Of course, nothing is ever as drastic as one makes out - we will socialise, we will laugh, in one year we will make at least a dent in the 12-pack of condoms we acquired when optimistic gynaes demanded to know what our contraceptive plans were, post-second baby.

But we will free ourselves from the expectation of having to do anything more than figure out Richie and be good parents in the next twelve months.

Sekunjalo! The time will come. 


  1. You are still making me laugh (But with a tear!)
    You are brave!
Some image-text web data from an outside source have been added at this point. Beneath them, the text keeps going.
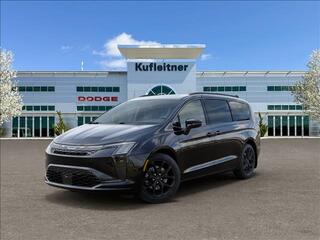 2027 Chrysler Pacifica
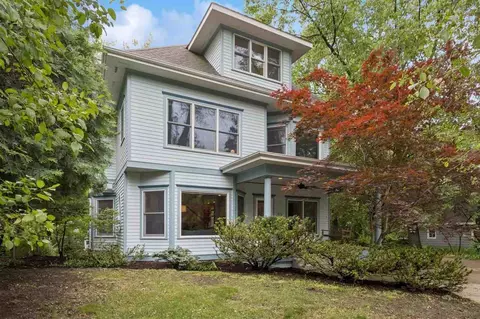 216 Magowan Ave, Iowa City, IA 52246
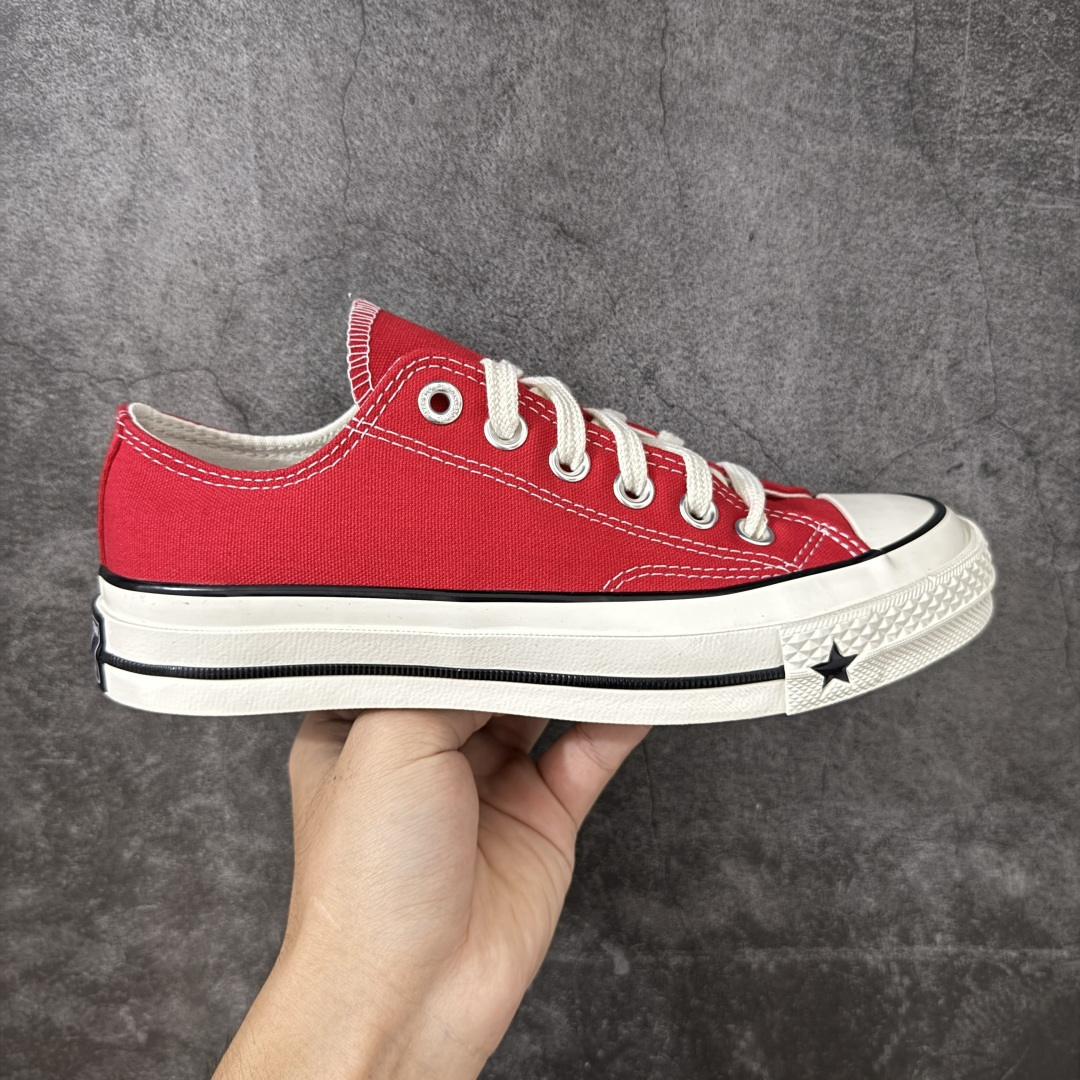 【虎扑2.0小头版】 Converse CHUCK 70 X 匡威1970s 舒适运动 高帮 帆布鞋 男女同款 A24235C 全新开发 不仅仅为小鞋头 细节 材料 做工 全方位升级 经典永不过时 十年老厂出品 平台正品订单 超稳定的品控清洁度 全套原厂材料配置 原厂硫化工艺 油性扁平尖头 原厂楦头纸板数据 一体化超软蓝底加持 超软EVA鞋垫 后掌灰色缓震胶 脚感一比一还原 耐磨橡胶大底 越南产内外标 原盒黑色吊牌 超高清洁度 随意冲正 如有更好白送 尺码:35 36 36.5 37 37.5 38 39 39.5 40 41 41.5 42 42.5 43 44-选品中心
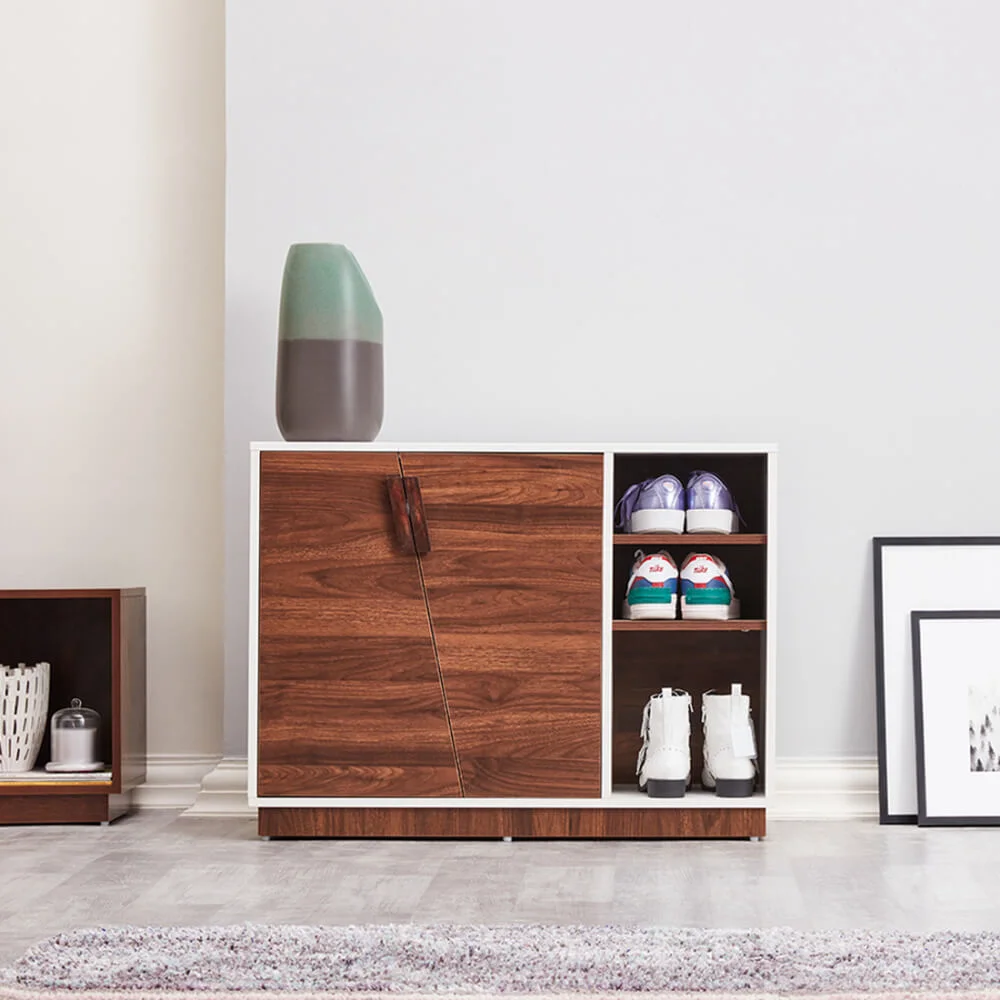 What Is a Closed Shoe Rack?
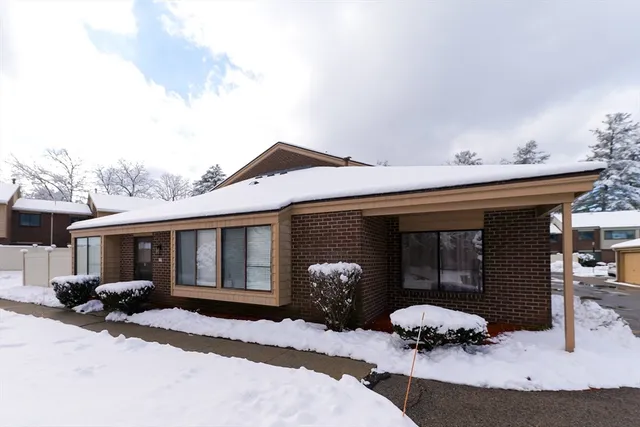 $375,000 | 117 Greenbrook Drive, Unit 117, Stoughton, MA 02072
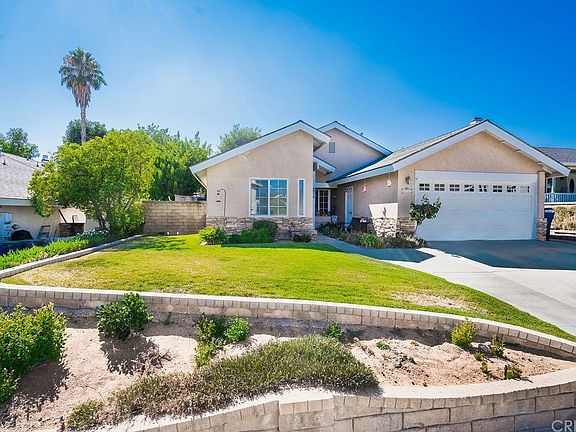 3rd image of 27731 Pine Cove Cir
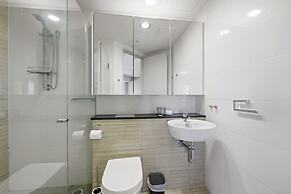 Central Brisbane Stay With Gym and Pool Access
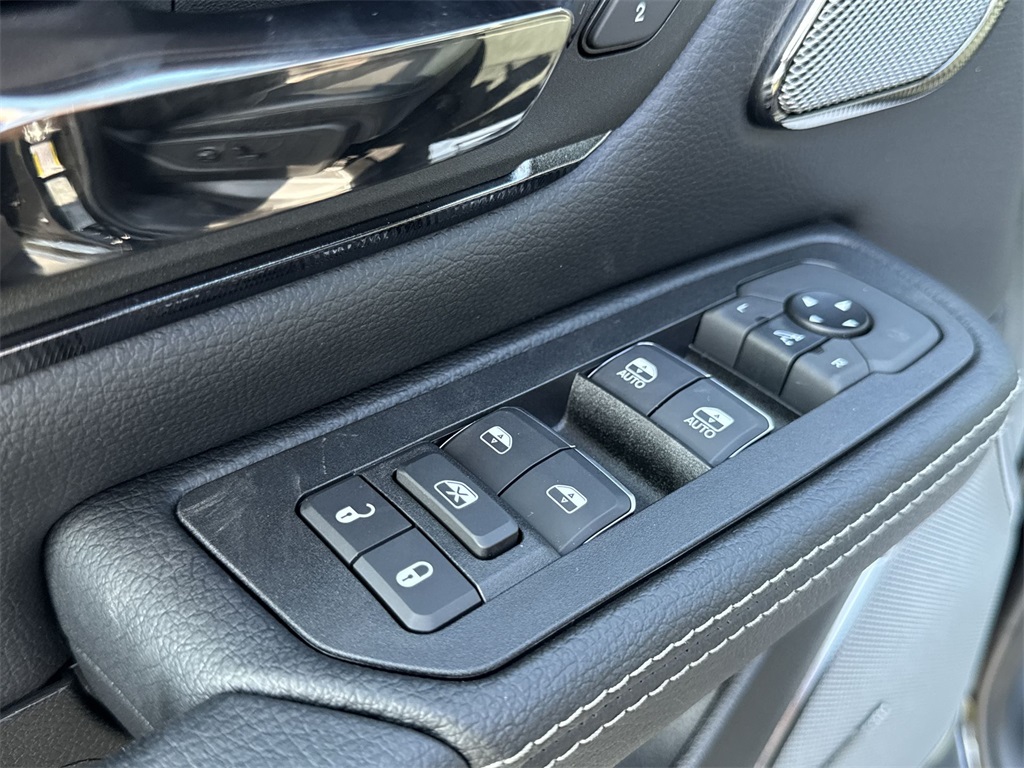 2026 Ram 1500 Rebel photo 18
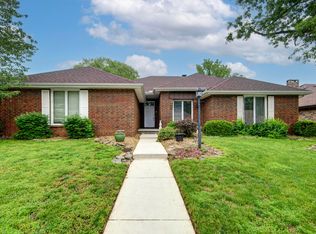 3052 S Oak Ave, Springfield, MO 65804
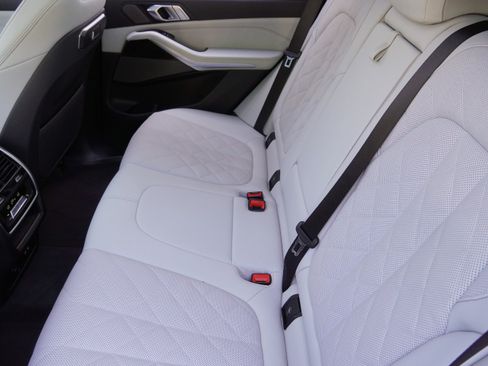 Used 2026 BMW X5 xDrive40i w/ Executive Package AWD/4WD image 38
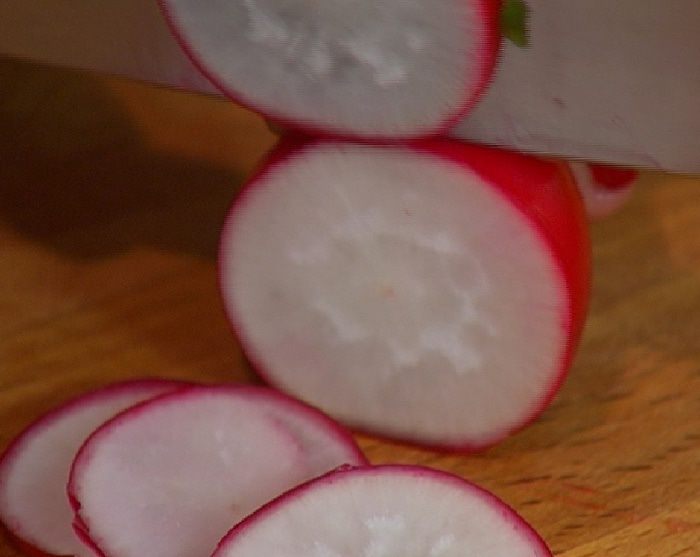 Ароматные лодочки с салатом из нута и свежих овощей 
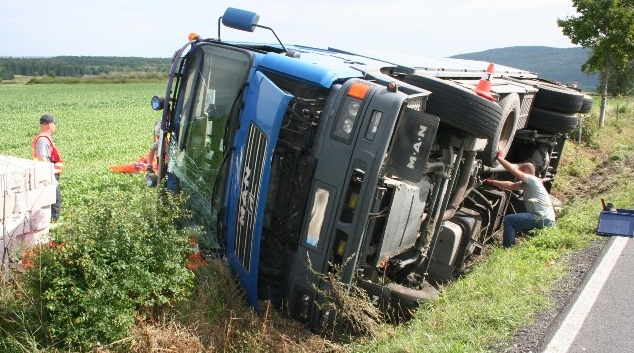 Pod těžkým vozidlem se utrhla krajnice. Stalo se u Mikulovic
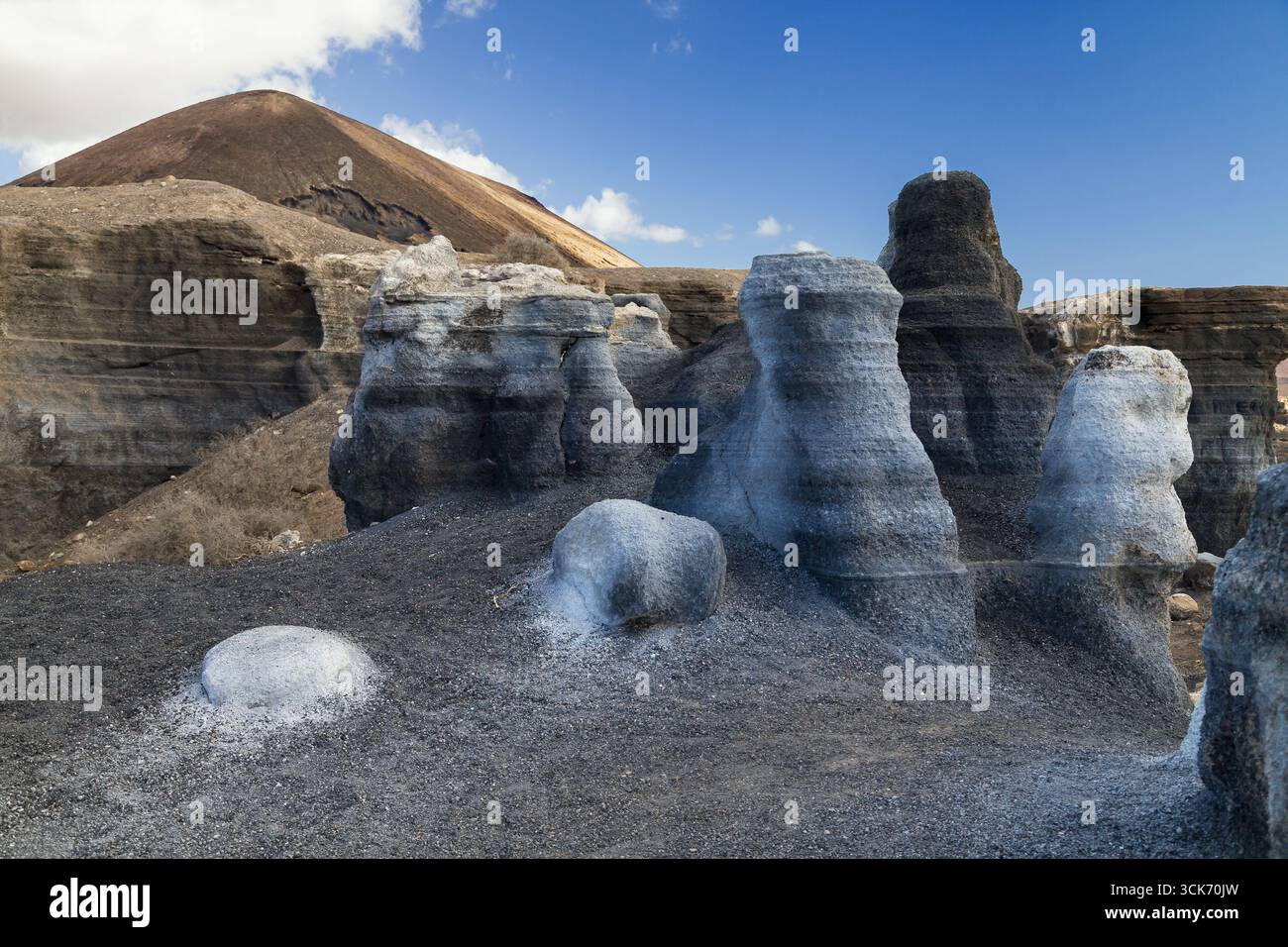 Pinnacles in Stratified City und Guenia Mountain, Lanzarote, Kanarische Inseln, Spanien. Stockfoto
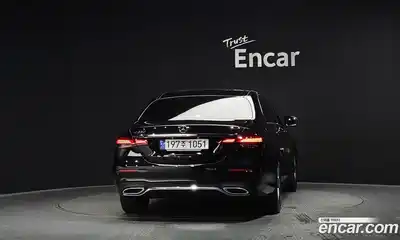 Mercedes-Benz E-Class 2023 2.0 Автомат в Москве № 409378, миниатюра 4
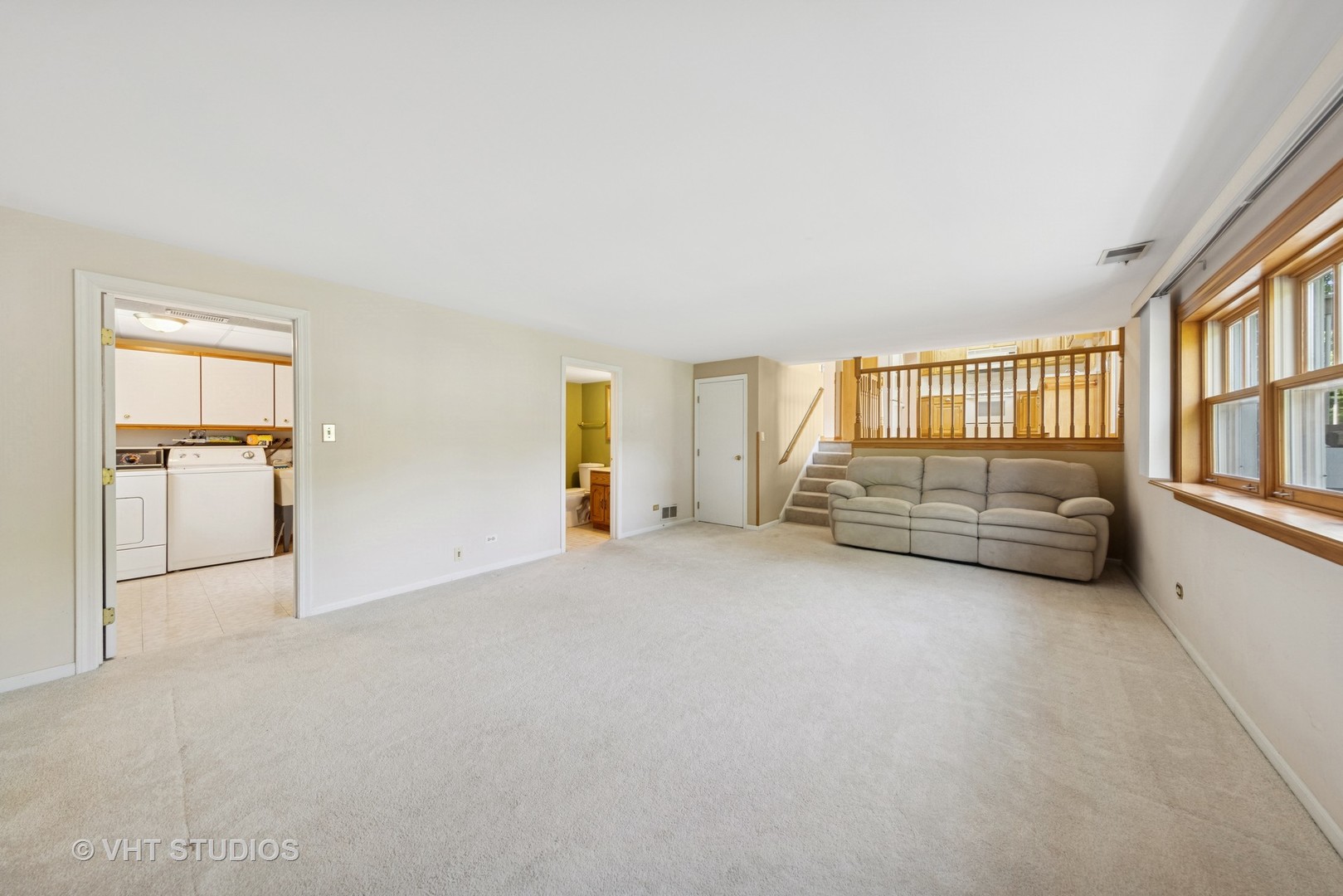 7769 Danbury Drive, Darien, IL 60561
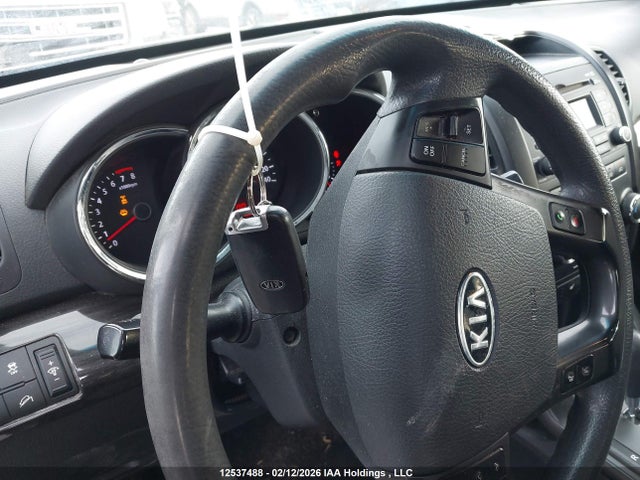 2013 Kia Sorento Lx მანქანა იყიდება აუქციონზე, vin: 5XYKTDA23DG352822, აუქციონის ნომერი: 12537488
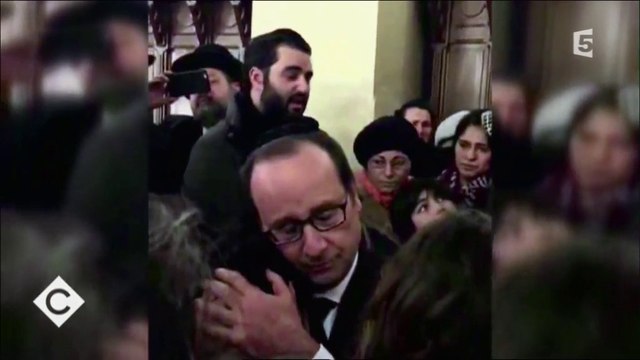 Attentat de l'Hyper Cacher : les images inédites de François Hollande réconfortant le frère d'une des victimes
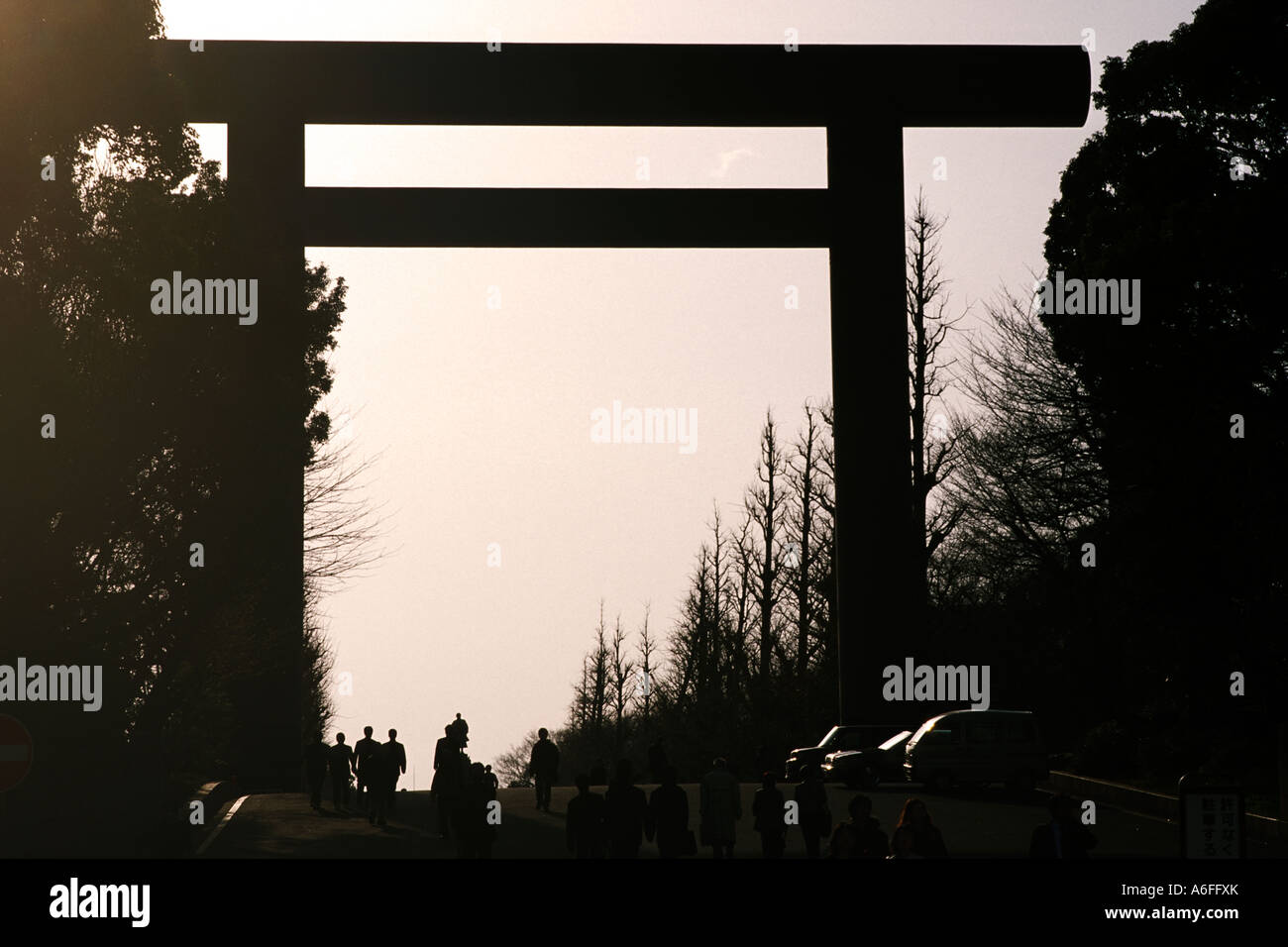 Il principale torii gate del Santuario Yasukuni Tokyo Foto Stock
Don't stop writing these, Margot!
    It is wonderful that you have family and friends who help and who understand!
    Very soon you will be able to repay it!

  2. Hi Margot, Dorran told me about your blog and since then I have been hooked! Never knew I was such an enthusiastic voyeur. The thing is that I really enjoy being able to get a glimpse into your life and the way in which you see the world. Judging by your posts we live very close to one another, both have sons, go to similar places with our kids, suffer from sleep deprivation and share the desire to be more sexually active with our partners. Yet we live very different lives, our realities & day to day challenges are very different.My boys are healthy. But I wanted to share with you that even though this is the case, even I at times suck at being a good mom, good wife, good friend. So good luck re the one year plan. Strength to the teammates, older brother & brave Richie. And be gentle on yourself.

  3. Belamie! Wow, Dorran's sister, right? Thanks for writing, it's so nice to hear from old friends. Are you all well - it sounds like it.